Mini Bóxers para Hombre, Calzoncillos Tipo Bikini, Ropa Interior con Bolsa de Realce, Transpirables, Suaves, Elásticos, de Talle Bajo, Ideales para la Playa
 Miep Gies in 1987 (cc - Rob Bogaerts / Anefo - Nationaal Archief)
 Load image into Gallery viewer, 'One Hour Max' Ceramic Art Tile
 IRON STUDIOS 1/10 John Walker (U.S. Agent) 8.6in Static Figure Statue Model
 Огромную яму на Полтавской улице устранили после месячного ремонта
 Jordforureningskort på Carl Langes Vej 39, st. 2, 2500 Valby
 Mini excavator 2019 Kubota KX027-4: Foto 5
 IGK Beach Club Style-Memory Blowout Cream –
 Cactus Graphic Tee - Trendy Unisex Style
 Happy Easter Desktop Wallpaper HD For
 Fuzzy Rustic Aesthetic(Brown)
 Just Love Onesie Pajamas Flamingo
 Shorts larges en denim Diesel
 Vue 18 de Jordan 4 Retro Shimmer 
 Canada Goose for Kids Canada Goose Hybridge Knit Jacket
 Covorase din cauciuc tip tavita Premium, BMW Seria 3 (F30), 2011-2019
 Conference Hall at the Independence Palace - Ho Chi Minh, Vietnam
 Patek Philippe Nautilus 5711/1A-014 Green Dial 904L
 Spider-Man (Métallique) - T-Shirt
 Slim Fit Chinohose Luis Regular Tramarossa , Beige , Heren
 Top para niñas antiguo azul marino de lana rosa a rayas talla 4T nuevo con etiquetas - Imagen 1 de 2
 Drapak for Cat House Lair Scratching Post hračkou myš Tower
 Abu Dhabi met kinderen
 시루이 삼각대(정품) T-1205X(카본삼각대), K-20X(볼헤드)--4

Goal of the exercise
Write out word for word every line from the one containing "Drapak for Cat" through the last line of the data, and no other line.

Completed task
 Drapak for Cat House Lair Scratching Post hračkou myš Tower
 Abu Dhabi met kinderen
 시루이 삼각대(정품) T-1205X(카본삼각대), K-20X(볼헤드)--4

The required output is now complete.